Subject: Re: SE Linux vs SE NetBSD !!
To: Elad Efrat <>
From: Robert Watson <>
List: tech-kern
Date: 08/26/2006 10:43:18
On Sat, 26 Aug 2006, Elad Efrat wrote:
> Robert Watson wrote:
>> I'm not convinced that's a firm argument: LSM, like kauth(9), relies on
>> being implemented properly.  Like kauth(9), it has hooks all over the
>> place, must properly interact with kernel subsystems, and so on.
> Unlike kauth(9), LSM introduces a design flaw -- IMHO -- in the form of 
> stacking. Also, kauth(9) don't have hooks in the same sense that LSM does...

Yes, I have to agree that stacking is one of the things I like least about 
LSM.  Stacking does not appear in the design used in the MAC Framework on 
FreeBSD/Mac OS X--instead the framework includes a native composition 
mechanism for multiple simultaneous policies.  However, while it is arguably a 
design flaw, it's not a vulnerability per se.

> Here are some opinions about LSM from authors of 3rd-party security
> solutions for Linux:

I've always had great respect for the design of the RSBAC Framework (based on 
the GFAC architecture from Marshall, et al), and it is definitely influenced 
the MAC Framework design (especially after I had a chance to sit down with the 
author at USENIX a few years ago).

> Moreover, here's an interesting post that may shed some light on LSM and
> how widely used it is:
> It is a wild guess, but I think the above can be attributed to its 
> complicated nature -- which repeats my question throughout this thread: do 
> we have consumers for such a framework?

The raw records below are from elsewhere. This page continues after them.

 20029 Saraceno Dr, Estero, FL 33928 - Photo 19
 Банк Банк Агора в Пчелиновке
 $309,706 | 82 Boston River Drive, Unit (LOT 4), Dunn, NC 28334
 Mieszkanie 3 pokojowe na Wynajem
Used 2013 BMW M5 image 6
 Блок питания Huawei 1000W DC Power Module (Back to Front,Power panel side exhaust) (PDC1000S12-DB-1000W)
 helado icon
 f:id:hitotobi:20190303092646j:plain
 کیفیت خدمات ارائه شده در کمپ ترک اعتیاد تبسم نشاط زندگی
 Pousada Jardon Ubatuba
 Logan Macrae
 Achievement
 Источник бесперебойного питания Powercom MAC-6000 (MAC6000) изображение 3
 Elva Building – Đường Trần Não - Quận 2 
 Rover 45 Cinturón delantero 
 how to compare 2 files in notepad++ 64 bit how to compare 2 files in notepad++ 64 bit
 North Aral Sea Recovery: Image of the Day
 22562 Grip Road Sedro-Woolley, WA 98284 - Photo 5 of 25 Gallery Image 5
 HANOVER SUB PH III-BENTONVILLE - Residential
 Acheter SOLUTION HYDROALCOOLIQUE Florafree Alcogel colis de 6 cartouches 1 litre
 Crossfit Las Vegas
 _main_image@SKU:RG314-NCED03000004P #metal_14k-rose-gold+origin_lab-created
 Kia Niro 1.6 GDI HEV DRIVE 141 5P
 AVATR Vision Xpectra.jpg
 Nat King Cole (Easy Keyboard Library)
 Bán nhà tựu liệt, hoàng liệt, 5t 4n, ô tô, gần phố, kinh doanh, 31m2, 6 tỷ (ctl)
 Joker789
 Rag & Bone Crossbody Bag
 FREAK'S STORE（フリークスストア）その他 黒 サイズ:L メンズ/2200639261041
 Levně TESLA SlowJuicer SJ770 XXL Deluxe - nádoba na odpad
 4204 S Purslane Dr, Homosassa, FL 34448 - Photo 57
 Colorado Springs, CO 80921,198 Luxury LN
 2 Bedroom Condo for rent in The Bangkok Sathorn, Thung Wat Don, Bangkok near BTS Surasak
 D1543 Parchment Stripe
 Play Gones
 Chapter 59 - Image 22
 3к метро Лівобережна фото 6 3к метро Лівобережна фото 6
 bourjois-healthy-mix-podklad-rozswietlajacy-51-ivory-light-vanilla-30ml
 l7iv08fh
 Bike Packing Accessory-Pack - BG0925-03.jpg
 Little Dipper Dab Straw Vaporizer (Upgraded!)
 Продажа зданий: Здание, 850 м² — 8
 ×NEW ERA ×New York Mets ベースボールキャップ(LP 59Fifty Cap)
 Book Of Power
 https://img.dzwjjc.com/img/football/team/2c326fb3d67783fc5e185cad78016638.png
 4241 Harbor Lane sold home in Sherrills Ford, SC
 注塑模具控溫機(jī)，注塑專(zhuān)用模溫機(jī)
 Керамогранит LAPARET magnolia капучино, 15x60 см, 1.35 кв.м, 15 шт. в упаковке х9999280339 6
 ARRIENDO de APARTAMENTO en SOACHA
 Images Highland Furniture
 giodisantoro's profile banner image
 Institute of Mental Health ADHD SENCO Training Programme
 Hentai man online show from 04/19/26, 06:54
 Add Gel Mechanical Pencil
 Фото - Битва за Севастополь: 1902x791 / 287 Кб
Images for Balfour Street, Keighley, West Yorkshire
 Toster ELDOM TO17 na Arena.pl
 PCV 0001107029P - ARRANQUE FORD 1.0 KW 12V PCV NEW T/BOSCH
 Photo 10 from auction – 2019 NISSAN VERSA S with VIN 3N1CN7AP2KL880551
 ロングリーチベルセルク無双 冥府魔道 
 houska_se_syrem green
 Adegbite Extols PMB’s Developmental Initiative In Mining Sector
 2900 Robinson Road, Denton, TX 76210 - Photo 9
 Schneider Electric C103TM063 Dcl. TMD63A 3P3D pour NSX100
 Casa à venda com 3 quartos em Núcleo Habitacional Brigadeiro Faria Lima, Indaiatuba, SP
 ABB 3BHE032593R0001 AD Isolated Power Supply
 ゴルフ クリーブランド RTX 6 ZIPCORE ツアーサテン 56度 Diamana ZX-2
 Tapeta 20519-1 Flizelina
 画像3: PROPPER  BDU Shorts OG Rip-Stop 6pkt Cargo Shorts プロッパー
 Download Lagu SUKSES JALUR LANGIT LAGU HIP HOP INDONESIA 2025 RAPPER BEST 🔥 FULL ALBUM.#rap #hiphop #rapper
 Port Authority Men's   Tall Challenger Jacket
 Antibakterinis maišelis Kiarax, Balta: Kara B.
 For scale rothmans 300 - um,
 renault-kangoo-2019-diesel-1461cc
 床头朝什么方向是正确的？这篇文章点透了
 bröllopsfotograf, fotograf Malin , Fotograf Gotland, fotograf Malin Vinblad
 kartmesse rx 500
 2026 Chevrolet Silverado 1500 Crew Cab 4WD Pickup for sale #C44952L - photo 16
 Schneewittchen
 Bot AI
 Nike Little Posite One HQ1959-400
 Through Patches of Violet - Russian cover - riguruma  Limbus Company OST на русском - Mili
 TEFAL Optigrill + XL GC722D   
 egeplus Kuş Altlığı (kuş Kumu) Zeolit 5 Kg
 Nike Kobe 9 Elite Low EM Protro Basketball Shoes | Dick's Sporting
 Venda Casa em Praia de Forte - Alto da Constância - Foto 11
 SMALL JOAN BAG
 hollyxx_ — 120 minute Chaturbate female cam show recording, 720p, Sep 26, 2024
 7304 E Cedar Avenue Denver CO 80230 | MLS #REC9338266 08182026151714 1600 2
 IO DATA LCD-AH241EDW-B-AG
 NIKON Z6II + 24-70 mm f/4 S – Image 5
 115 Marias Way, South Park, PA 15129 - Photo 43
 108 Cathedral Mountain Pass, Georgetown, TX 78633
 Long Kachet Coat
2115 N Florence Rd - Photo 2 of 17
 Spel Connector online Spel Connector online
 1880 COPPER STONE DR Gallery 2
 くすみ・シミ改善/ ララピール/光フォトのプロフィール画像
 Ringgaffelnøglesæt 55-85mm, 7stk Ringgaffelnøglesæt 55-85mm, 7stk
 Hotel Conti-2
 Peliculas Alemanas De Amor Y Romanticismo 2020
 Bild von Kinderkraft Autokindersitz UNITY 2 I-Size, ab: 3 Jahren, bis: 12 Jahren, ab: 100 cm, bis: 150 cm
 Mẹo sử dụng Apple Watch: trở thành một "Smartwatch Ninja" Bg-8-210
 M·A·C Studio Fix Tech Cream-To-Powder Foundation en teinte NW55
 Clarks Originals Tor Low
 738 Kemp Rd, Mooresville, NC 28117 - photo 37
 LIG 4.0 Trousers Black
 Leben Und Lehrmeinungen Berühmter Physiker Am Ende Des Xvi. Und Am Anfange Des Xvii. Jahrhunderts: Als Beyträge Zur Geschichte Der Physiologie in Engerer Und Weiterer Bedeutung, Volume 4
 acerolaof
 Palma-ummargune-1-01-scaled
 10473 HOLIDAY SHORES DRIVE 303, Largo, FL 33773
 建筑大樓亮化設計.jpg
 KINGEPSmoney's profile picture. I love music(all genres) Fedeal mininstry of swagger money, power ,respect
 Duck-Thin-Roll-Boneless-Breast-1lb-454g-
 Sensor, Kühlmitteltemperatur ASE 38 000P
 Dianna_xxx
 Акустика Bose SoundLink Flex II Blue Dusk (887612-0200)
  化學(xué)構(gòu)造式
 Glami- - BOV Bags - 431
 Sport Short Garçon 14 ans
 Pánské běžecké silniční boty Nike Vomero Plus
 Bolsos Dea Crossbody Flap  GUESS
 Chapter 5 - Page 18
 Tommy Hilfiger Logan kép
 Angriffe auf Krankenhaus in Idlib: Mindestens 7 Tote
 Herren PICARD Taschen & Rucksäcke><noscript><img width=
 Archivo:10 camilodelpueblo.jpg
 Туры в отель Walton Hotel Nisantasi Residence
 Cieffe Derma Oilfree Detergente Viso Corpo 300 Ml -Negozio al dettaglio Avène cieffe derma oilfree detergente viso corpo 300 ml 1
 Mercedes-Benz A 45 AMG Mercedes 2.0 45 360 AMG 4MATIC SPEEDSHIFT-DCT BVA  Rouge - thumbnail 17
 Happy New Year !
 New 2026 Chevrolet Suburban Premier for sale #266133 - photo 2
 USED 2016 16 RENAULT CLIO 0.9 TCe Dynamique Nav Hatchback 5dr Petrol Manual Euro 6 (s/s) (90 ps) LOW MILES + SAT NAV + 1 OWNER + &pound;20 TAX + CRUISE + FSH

Linux's userbase is bigger and more 
> diverse than NetBSD's, can we expect someone to actually make use of such a 
> subsystem given no-one did in the Linux world?
> (the situation had changed since, and now Novell's AppArmor also uses LSM; 
> that, however, strengthens my opinion that such work should be done by a 
> contractor for a company who needs it, rather than by us.)

There are lots of potential (and real) consumers of LSM, but one of the more 
contentious aspects of the LSM design/implementation has been its strong 
SELinux focus.  This is in large part because much of the implementation was 
driven by the SELinux developers.  However, I think I do object to the idea 
that LSM is unused by developers of other kernel security mechanisms. 
There's highly active work on DTE using LSM, and also I believe the WireX 
product line (and possibly others) use LSM.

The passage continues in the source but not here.